Flagstaff is a pleasant college town near the rim of the Grand Canyon. We arrive in a blizzard and Brook drops me at a hostel. After a few days, I look online for a ride further south – it’s now possible to thumb a lift from the comfort of your dorm bed. Social-networking sites such as Craigslist contain sections where you can post notices offering rides or asking for them.

My ad gets a response within a day from a man in a beanie touring the south-west in his VW camper. As we drive to Tucson in the early morning, the hills and canyons of central Arizona are green after the winter thaw. Here and there the tumescent branches of the saguaro cactus rise like alien TV aerials, a cinematic shorthand for the American desert.

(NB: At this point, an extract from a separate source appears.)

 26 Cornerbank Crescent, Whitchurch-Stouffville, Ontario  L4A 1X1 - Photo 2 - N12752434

My driver, Joel, tells me about riding the rails. In the first half of last century, especially during the Depression, catching free train rides was a common way to travel in the US. Hoboes looking for work climbed aboard freight wagons in the dead of night hoping to avoid a beating from a ”bull”, the name given to the men hired to protect the freight.

A former inmate’s memoir published in the ’20s, You Can’t Win offers some first-hand accounts of this world. Its author, Jack Black, rode the rails in all seasons. In one scene, he describes seeing a young man crushed to death when a pile of timber collapses in his wagon.

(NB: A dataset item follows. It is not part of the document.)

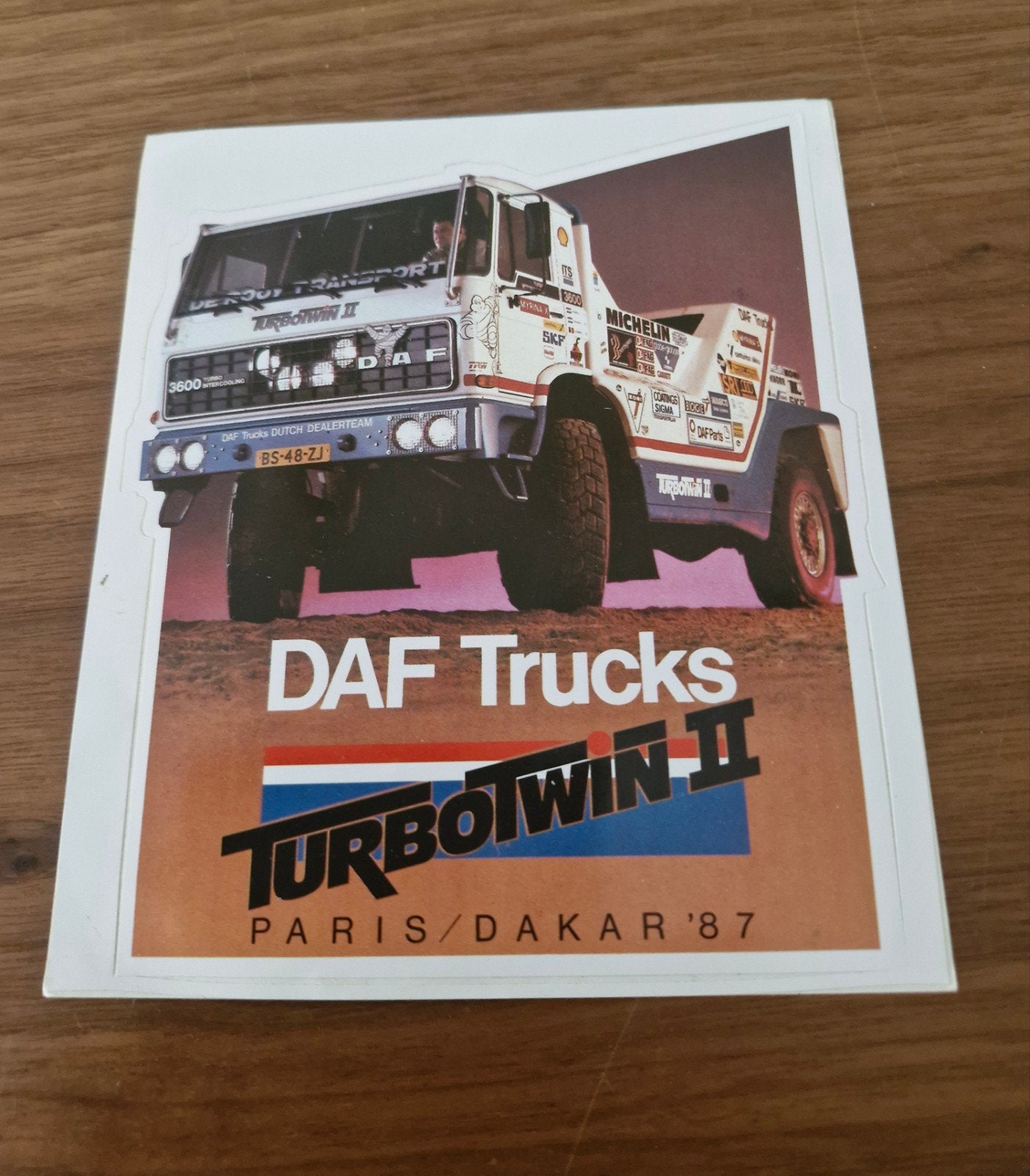 804 DAF Trucks TurboTwin II Parijs/Dakar '87 Sticker 17x15cm, Ophalen of Verzenden, Nieuw, Auto of Motor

No one rides the rails out of necessity any more, Joel says. It is mostly college graduates in search of adventure. ”It’s gutter punk,” he says. ”What a trust-fund kid might do to get his kicks.”

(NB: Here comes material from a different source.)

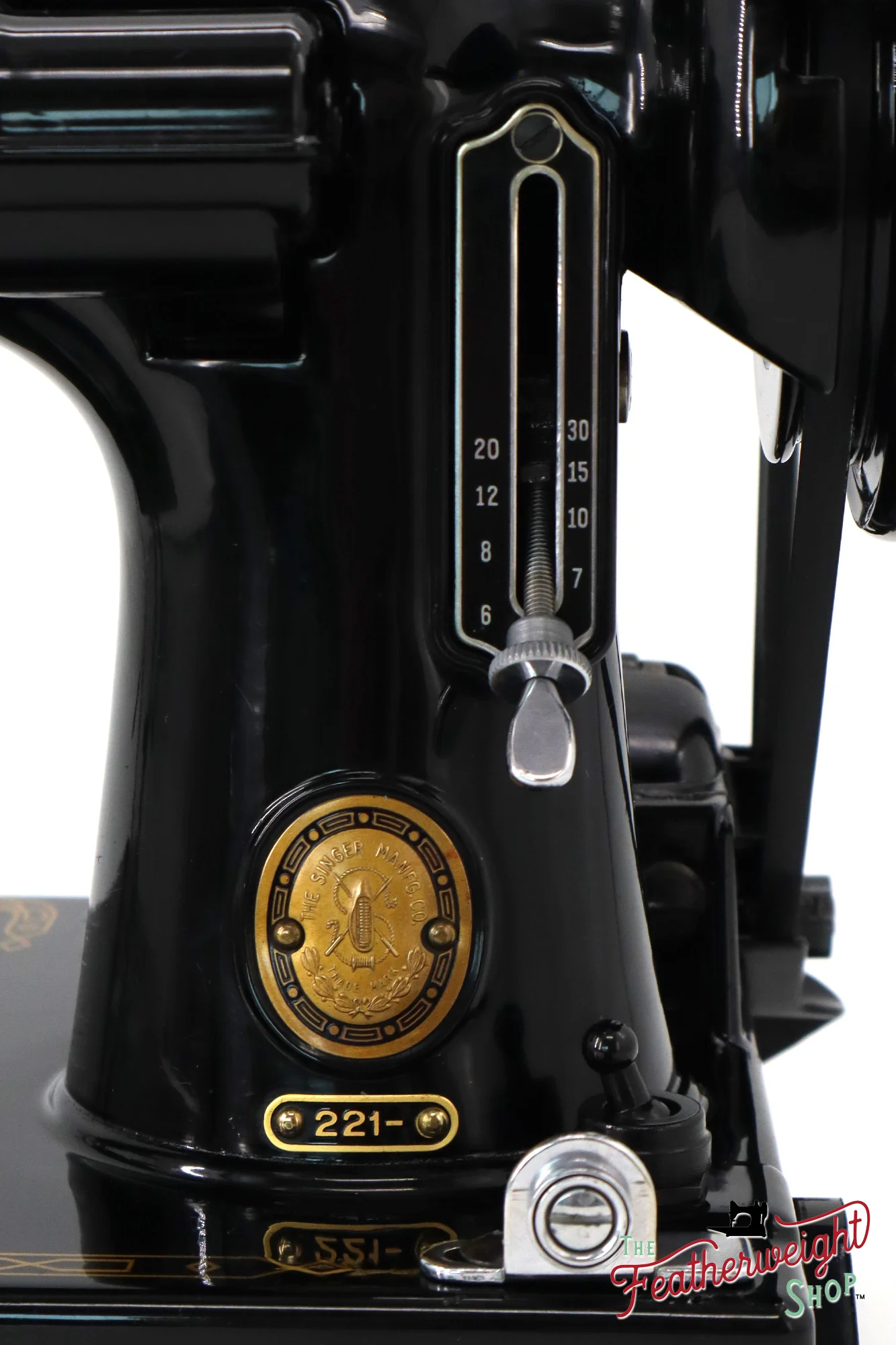 Singer Featherweight 221 Sewing Machine, AM660*** - 1957 - Image 15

I stay a couple of nights in Tucson. The days are getting hot and in the historic Hotel Congress I sip whiskey sours and read ’30s newspaper articles about John Dillinger, the bank robber and public enemy No. 1 who was arrested here with his gang. As in nearby Phoenix, large areas of Tucson are sprawling suburbs devoid of character. Unlike its neighbour, Tucson makes up for this with a well-preserved downtown, which mixes Spanish-style adobe mansions with art deco Americana.

On my last day here, I wait at a petrol station for a ride along the final stretch – 110 kilometres south to Mexico. A minivan turns up, on the way to the border. The driver wants cash, then crams me in the back beside an old Mexican man with no teeth, sucking on dried apricots. Half an hour later the sky darkens. Streaks of rain bounce violently off the bitumen as I try to recall the Spanish for ”please eat with your mouth shut”.

Many commentators blame the media for the decline in popularity of hitchhiking. The depiction of the psychotic loner, either at the box office or in the news, has struck a chord in the public imagination. Add these fears to an increasingly atomised society, where people feel estranged from one another, and you are left with the impression that hitchhiking is a thing of the past.

These armchair obituaries annoy Ingram, who still hitches from his home in Chino Valley, Arizona. He says his golden age for hitching rides was the ’60s, when his US Marines uniform was an ”open ticket for the road”. But he disputes the idea it has become so much harder, or defunct, as a mode of travel.

”It’s always been hard to get a ride and it’s always been easy,” says Ingram, who once got stuck in Barstow for four days waiting for a lift. ”It’s not the time of year or the decade, it’s the getting out there.”